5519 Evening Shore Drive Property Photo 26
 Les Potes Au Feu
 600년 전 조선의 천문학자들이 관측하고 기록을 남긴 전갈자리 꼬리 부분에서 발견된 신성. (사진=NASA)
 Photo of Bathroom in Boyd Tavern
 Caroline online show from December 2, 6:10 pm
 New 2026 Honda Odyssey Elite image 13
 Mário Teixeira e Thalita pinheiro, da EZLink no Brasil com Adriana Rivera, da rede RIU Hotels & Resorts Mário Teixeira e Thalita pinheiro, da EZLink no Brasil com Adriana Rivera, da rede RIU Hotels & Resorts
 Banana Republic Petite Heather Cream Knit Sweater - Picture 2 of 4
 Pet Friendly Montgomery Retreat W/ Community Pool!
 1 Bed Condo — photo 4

◆ ◆ ◆ ◆

**PROBLEM REQUIREMENTS**
Reproduce exactly the lines running from the one with "Photo of Bathroom in Boyd Tavern" to the last line of the listing above. Add nothing else.

**ANSWER BOX**
 Photo of Bathroom in Boyd Tavern
 Caroline online show from December 2, 6:10 pm
 New 2026 Honda Odyssey Elite image 13
 Mário Teixeira e Thalita pinheiro, da EZLink no Brasil com Adriana Rivera, da rede RIU Hotels & Resorts Mário Teixeira e Thalita pinheiro, da EZLink no Brasil com Adriana Rivera, da rede RIU Hotels & Resorts
 Banana Republic Petite Heather Cream Knit Sweater - Picture 2 of 4
 Pet Friendly Montgomery Retreat W/ Community Pool!
 1 Bed Condo — photo 4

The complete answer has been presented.